Faced with growing popular anger at the UPA government’s right-wing course, the Stalinists have raised as their principal demand that that the Congress fulfill the CMP, thereby investing the CMP with still further legitimacy and seeking to contain the popular opposition within the framework of appeals to the Congress to change course.

This is entirely in keeping with the actions of the CPM in the three states where it holds or has held office over the past 13 years. CPM-led governments in West Bengal, Kerala and Tripura have themselves sought to woo international investors by implementing neo-liberal policies. Indeed, some of those opposed to the Left Front’s demand that representatives of foreign interests be removed from the panels looking at the five-year plan pointed out that the CPM-led state governments have themselves frequently employed McKinsey and similar proponents of capitalist globalization to produce their economic policy documents.

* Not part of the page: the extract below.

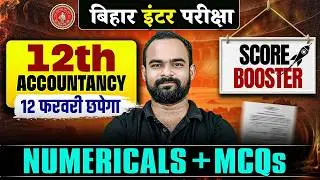 Bihar Board Class 12 Accountancy Revision | Class 12 Bihar Board Accounts Important Numericals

The struggle against communal reaction

Important as is the CMP, the Stalinists’ chief argument for supporting the Congress-led UPA is that it is the only means to keep the Hindu-supremacist BJP at bay. According to Jyoti Basu, “This is a particular situation. Today, we are supporting the Congress, which we had opposed for the last 45 years. We are dependent on them as much as they are dependent on us. The BJP is responsible for this.”

Basu’s statement begs the question: Why were the Hindu supremacists—hitherto a marginal force—able to exploit the crisis created by the unravelling of the Indian bourgeoisie’s post-independence national development project?

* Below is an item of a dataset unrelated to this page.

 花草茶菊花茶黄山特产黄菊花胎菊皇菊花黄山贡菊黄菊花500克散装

It is the politics of the Stalinist parties, the CPM and CPI, that have politically paralyzed the working class, preventing it from placing itself at the head of India’s toiling masses in a challenge to capitalist rule.

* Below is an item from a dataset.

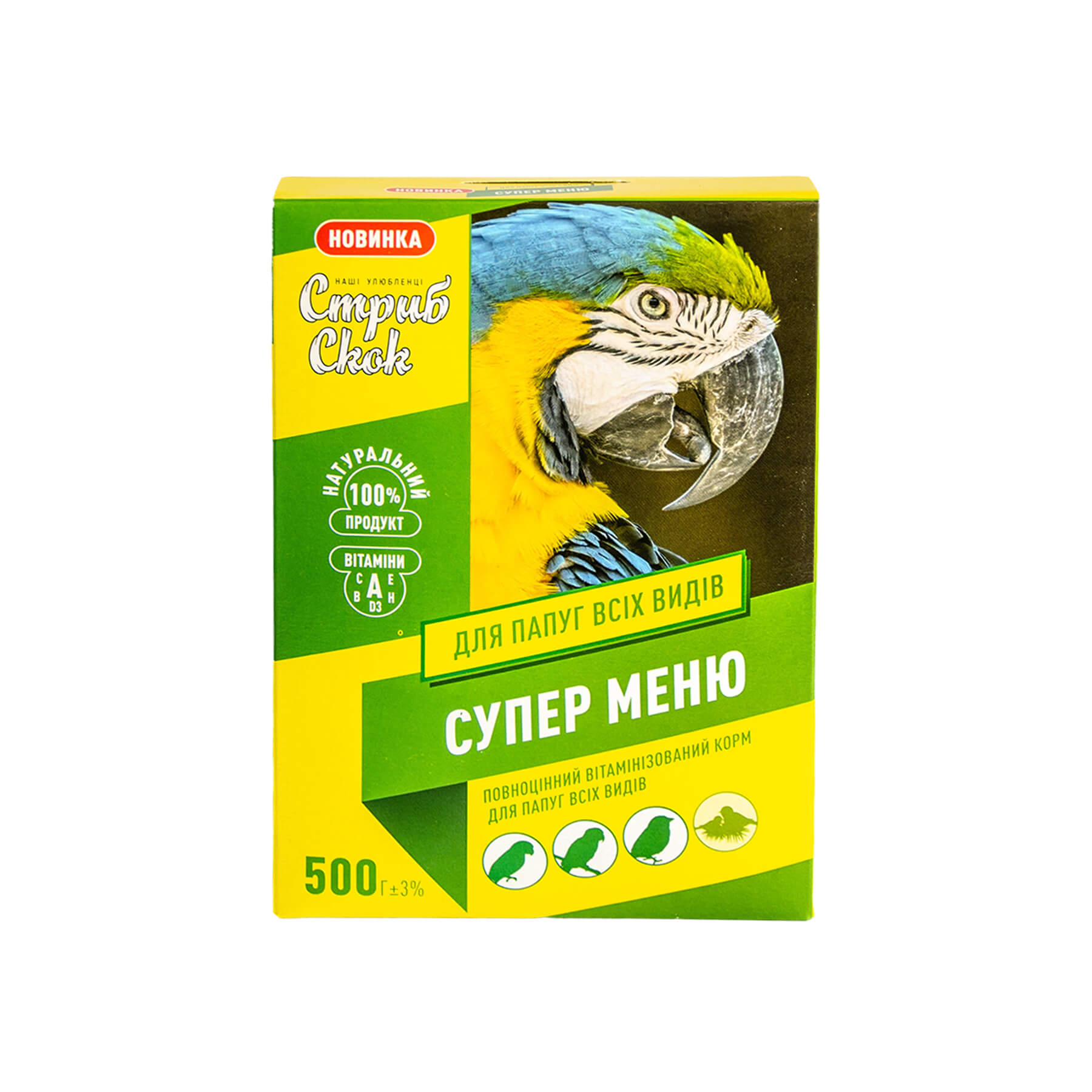 Корм Стриб і Скок Супер Меню д/папуг всіх видів 500 г ±3%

While Basu claims to have always opposed the Congress, the truth is that his Left Front partner, the CPI, has frequently openly allied itself with the Congress. As for the CPM, it has repeatedly urged working people to support one or another capitalist political bloc, including, as during the Janata period (1977-1979), formations in which the Hindu supremacists participated. Whatever their differences, both Stalinist parties have sought to constrain the working class within the framework of parliamentary politics and trade union struggles.

Before the Indian bourgeoisie’s 1991 repudiation of its post-independence national economic development project, in which import substitution and state-planning were employed to promote the expansion of national capital, the Stalinists justified their support for one or another capitalist party on the grounds that the working class had to support the “progressive wing” of the national bourgeoisie against imperialism and feudal reaction. Today, when the bourgeoisie itself has forged a new, closer partnership with imperialism, the Stalinists continue to tie the working class to capitalist politics, but in the name of opposing the BJP and upholding India’s secular constitution. No matter that the Stalinists themselves concede that the Congress has repeatedly connived with communalist reaction.

Certainly, the rise of the BJP, Shiva Sena and other extreme right-wing forces constitutes a grave danger to India’s toiling masses. However, communal reaction cannot be defeated and the democratic rights of working people defended by subordinating the working class to a government that is pursuing economic policies that can only further aggravate poverty and social inequality. Rather, the rise of communalist and caste-ist politics, like the bourgeoisie’s turn to a new and closer relationship with imperialism, underscores the urgency of the working class adopting a fundamentally new perspective: the independent political mobilization of the working class, so as to make it a pole of attraction for all of Indian’s toiling masses, and on the understanding that the eradication of poverty and liquidation of all the vestiges of India’s colonial past and belated capitalist development are possible only through a socialist struggle, aimed at wresting power from the national bourgeoisie, and in concert with the international working class.